Interestingly, during the Court of Appeal hearing Shanda elected not to pursue various additional appeal points concerning valuation methodology that it had formerly raised. Its appeal on valuation was confined to the minority discount issue. The three valuation methodology points raised by the dissenters were rejected. It remains to be seen whether Shanda or the dissenters will appeal to the Privy Council, and if so, whether the appeal will cover valuation methodology generally or will be limited to the minority discount issue. We will keep you up to date with developments as they arise.

Following the Court of Appeal's decision, both Shanda and the dissenters appealed to the Privy Council with the leave of the Court of Appeal [1]. The primary issue brought by the dissenters was whether the Court of Appeal was correct to hold that a minority discount should be applied in the determination of the fair value of the dissenters' shares pursuant to s.238 of the Companies Law. The secondary issue brought by Shanda was whether the requirement to award a fair rate of interest under s.238 requires the court to do so in accordance with the same principles on which it awards interest on an award of debt or damages.

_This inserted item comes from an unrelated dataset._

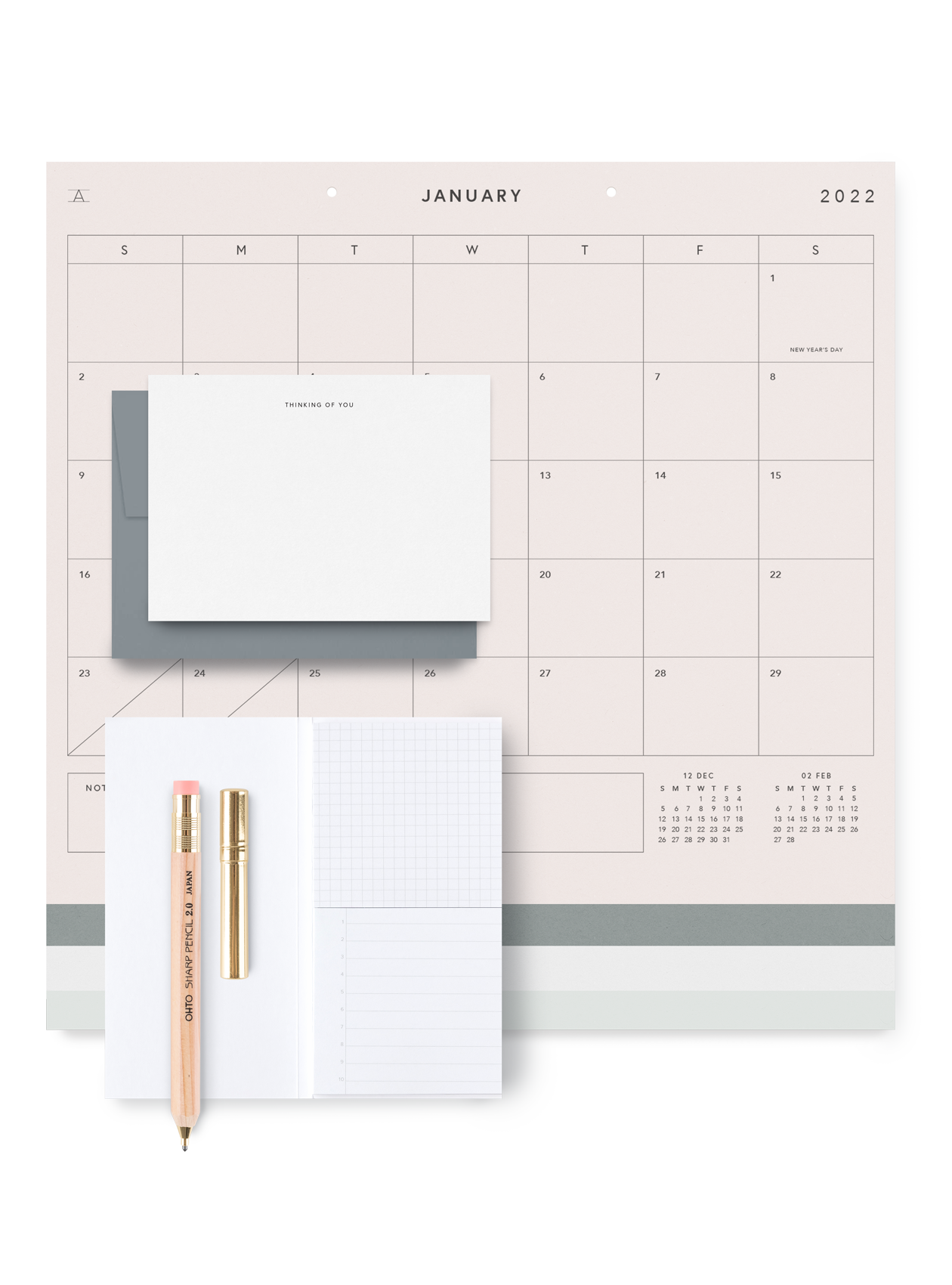 year task planner appointed and co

On the primary issue, the Privy Council held that a minority discount should be applied in most circumstances when determining the fair value of the dissenters' shares principally for three reasons:

  1. Comparable provisions of the Companies Law, such as those dealing with schemes of arrangement and "squeeze outs", do not provide for pro rata valuation. Further, it would be surprising if the Cayman Islands legislature intended to introduce a fundamentally different approach to share valuation under s.238 as against the approach adopted in England and Wales under analogous provisions;
  2. In the absence of some indication to the contrary or special circumstances, the minority shareholder's shares should be valued as a minority shareholding and not on a pro rata basis. This is in line with the general principle of share valuation that the court should value the actual shareholding which the shareholder has to sell and not some hypothetical share; and
  3. The similarities between the Delaware appraisal remedy and s.238 do not justify departure from that general principle. While the jurisprudence of Delaware is of great value in this field, there may be different rules in related contexts, as well as different economic and social policy considerations affecting legislation.

It is also worth noting that the Privy Council was careful not to embark on a detailed analysis of how a fair value determination should be made due to the narrow scope of the appeal (as set out above, Shanda's appeal on valuation was confined to the minority discount issue and during the Court of Appeal hearing it elected not to pursue various additional appeal points concerning valuation methodology). Nonetheless, it held that it was incorrect for the Court of Appeal to hold that a minority discount should invariably be applied as a matter of law and that "there might be a case where a minority discount was inappropriate due to the particular valuation exercise under consideration."

On the secondary issue of interest, Shanda argued that the "mid-point" approach was contrary to principles established under English law. This argument was rejected by the Privy Council on the basis that it was not before the first instance judge and there was accordingly no good reason why the exercise of the judge's discretion should be open to challenge on a ground which he was not asked to consider.

The Privy Council's decision is important as it is affirms the Court of Appeal's decision that the Cayman courts will generally apply a minority discount when assessing the fair value of dissenters' shares, albeit not as a "bright-line" rule to be applied in every case. In addition, this decision is of interest as it opines on comparative law and the manner in which Cayman and similar legislation should be interpreted.